Extracted data
=== Begin Enclosure ===
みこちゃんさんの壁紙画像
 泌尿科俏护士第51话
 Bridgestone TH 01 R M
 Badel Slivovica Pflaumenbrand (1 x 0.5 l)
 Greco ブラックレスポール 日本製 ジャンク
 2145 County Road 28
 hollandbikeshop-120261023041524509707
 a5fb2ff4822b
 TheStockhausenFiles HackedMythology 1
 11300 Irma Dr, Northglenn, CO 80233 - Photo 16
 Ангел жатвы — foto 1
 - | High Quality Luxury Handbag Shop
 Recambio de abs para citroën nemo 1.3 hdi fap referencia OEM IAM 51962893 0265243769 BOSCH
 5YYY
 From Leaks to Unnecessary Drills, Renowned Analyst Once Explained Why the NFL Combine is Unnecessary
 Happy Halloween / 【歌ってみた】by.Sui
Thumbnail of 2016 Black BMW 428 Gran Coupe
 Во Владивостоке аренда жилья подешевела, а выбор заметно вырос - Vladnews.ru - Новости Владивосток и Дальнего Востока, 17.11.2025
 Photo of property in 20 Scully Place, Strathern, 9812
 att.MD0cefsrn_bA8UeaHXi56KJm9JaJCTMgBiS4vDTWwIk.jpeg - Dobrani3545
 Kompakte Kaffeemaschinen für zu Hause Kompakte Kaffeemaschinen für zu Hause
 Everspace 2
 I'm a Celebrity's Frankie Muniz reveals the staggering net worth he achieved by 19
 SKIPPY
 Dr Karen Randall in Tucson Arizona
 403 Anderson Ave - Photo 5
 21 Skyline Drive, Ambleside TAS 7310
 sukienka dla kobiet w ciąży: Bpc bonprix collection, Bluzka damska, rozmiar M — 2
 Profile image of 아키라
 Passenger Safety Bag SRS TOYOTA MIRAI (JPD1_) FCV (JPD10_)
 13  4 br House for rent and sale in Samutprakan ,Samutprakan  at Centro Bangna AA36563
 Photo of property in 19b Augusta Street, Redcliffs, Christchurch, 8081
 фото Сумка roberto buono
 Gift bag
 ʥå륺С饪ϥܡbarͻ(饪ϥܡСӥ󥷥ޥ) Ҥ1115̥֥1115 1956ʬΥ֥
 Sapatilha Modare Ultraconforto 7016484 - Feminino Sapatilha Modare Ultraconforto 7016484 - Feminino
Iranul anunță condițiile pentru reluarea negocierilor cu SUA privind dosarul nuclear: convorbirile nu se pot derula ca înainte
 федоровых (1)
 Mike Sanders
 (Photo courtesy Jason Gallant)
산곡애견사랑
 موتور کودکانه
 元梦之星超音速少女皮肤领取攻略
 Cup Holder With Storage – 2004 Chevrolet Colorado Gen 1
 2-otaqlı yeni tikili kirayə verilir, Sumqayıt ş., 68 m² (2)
=== End Enclosure ===
Problem
Faithfully write out the entire listing, line by line.

Result of the task
みこちゃんさんの壁紙画像
 泌尿科俏护士第51话
 Bridgestone TH 01 R M
 Badel Slivovica Pflaumenbrand (1 x 0.5 l)
 Greco ブラックレスポール 日本製 ジャンク
 2145 County Road 28
 hollandbikeshop-120261023041524509707
 a5fb2ff4822b
 TheStockhausenFiles HackedMythology 1
 11300 Irma Dr, Northglenn, CO 80233 - Photo 16
 Ангел жатвы — foto 1
 - | High Quality Luxury Handbag Shop
 Recambio de abs para citroën nemo 1.3 hdi fap referencia OEM IAM 51962893 0265243769 BOSCH
 5YYY
 From Leaks to Unnecessary Drills, Renowned Analyst Once Explained Why the NFL Combine is Unnecessary
 Happy Halloween / 【歌ってみた】by.Sui
Thumbnail of 2016 Black BMW 428 Gran Coupe
 Во Владивостоке аренда жилья подешевела, а выбор заметно вырос - Vladnews.ru - Новости Владивосток и Дальнего Востока, 17.11.2025
 Photo of property in 20 Scully Place, Strathern, 9812
 att.MD0cefsrn_bA8UeaHXi56KJm9JaJCTMgBiS4vDTWwIk.jpeg - Dobrani3545
 Kompakte Kaffeemaschinen für zu Hause Kompakte Kaffeemaschinen für zu Hause
 Everspace 2
 I'm a Celebrity's Frankie Muniz reveals the staggering net worth he achieved by 19
 SKIPPY
 Dr Karen Randall in Tucson Arizona
 403 Anderson Ave - Photo 5
 21 Skyline Drive, Ambleside TAS 7310
 sukienka dla kobiet w ciąży: Bpc bonprix collection, Bluzka damska, rozmiar M — 2
 Profile image of 아키라
 Passenger Safety Bag SRS TOYOTA MIRAI (JPD1_) FCV (JPD10_)
 13  4 br House for rent and sale in Samutprakan ,Samutprakan  at Centro Bangna AA36563
 Photo of property in 19b Augusta Street, Redcliffs, Christchurch, 8081
 фото Сумка roberto buono
 Gift bag
 ʥå륺С饪ϥܡbarͻ(饪ϥܡСӥ󥷥ޥ) Ҥ1115̥֥1115 1956ʬΥ֥
 Sapatilha Modare Ultraconforto 7016484 - Feminino Sapatilha Modare Ultraconforto 7016484 - Feminino
Iranul anunță condițiile pentru reluarea negocierilor cu SUA privind dosarul nuclear: convorbirile nu se pot derula ca înainte
 федоровых (1)
 Mike Sanders
 (Photo courtesy Jason Gallant)
산곡애견사랑
 موتور کودکانه
 元梦之星超音速少女皮肤领取攻略
 Cup Holder With Storage – 2004 Chevrolet Colorado Gen 1
 2-otaqlı yeni tikili kirayə verilir, Sumqayıt ş., 68 m² (2)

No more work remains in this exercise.